Ma, come ormai ci sta abituando, l’attuale giunta Pigliaru è impegnata a fare peggio di tutti i suoi predecessori. È dunque di queste ore la notizia che nella riunione di giunta del 10 Marzo è stata approvata una delibera con cui la giunta rinuncia ai ricorsi pendenti presso la corte costituzionale contro lo stato italiano per le vicende relative alle tasse dovute dallo stato alla Sardegna e mai corrisposte.

A giustificazione di questa scelta sconsiderata, che nega ai sardi la possibilità di far valere i propri diritti, ci sarebbe un accordo con il ministero dell’economia italiano e perfino un “anticipo” delle somme dovute pari a 300 milioni di euro.

Insomma, l’ennesima promessa dello stato italiano e l’ennesima presa in giro per i sardi, che possono vantare un credito miliardario nei confronti dell’Italia.

Ma si sa, chi è abituato ad essere servo, non può improvvisarsi uomo, e dunque: meglio accontentarsi delle briciole e non far arrabbiare i propri padroni italiani che non difendere strenuamente i diritti del proprio popolo.
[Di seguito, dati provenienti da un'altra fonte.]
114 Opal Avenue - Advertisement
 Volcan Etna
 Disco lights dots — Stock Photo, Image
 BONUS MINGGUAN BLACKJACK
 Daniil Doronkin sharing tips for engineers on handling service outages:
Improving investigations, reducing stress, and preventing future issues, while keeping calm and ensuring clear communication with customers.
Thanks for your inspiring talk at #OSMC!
È risaputo infatti che se si fa bene il proprio lavoro di complice è possibile accelerare le tappe di una possibile carriera nei palazzi romani.

In tutto questo, come al solito, chi ci perde siamo noi sardi e le nostre possibilità di riscatto economico e sociale.

Di fronte a questa ennesima umiliazione subita, di fronte a questa incapacità cronica di tenere la schiena dritta ed all’impulso incontrollato ad inchinarsi di fronte ai desideri dei partiti italiani di riferimento, non possiamo che organizzarci ancora meglio per denunciare questi atti e soprattutto per costruire insieme a tutti i sardi non asserviti al sistema della dipendenza, una reale alternativa di governo.

Perché, se è vero che in Sardegna la mamma dei servi è sempre molto prolifica, è altrettanto vero che i sardi liberi sono sempre di più e sempre di più faranno sentire la propria voce.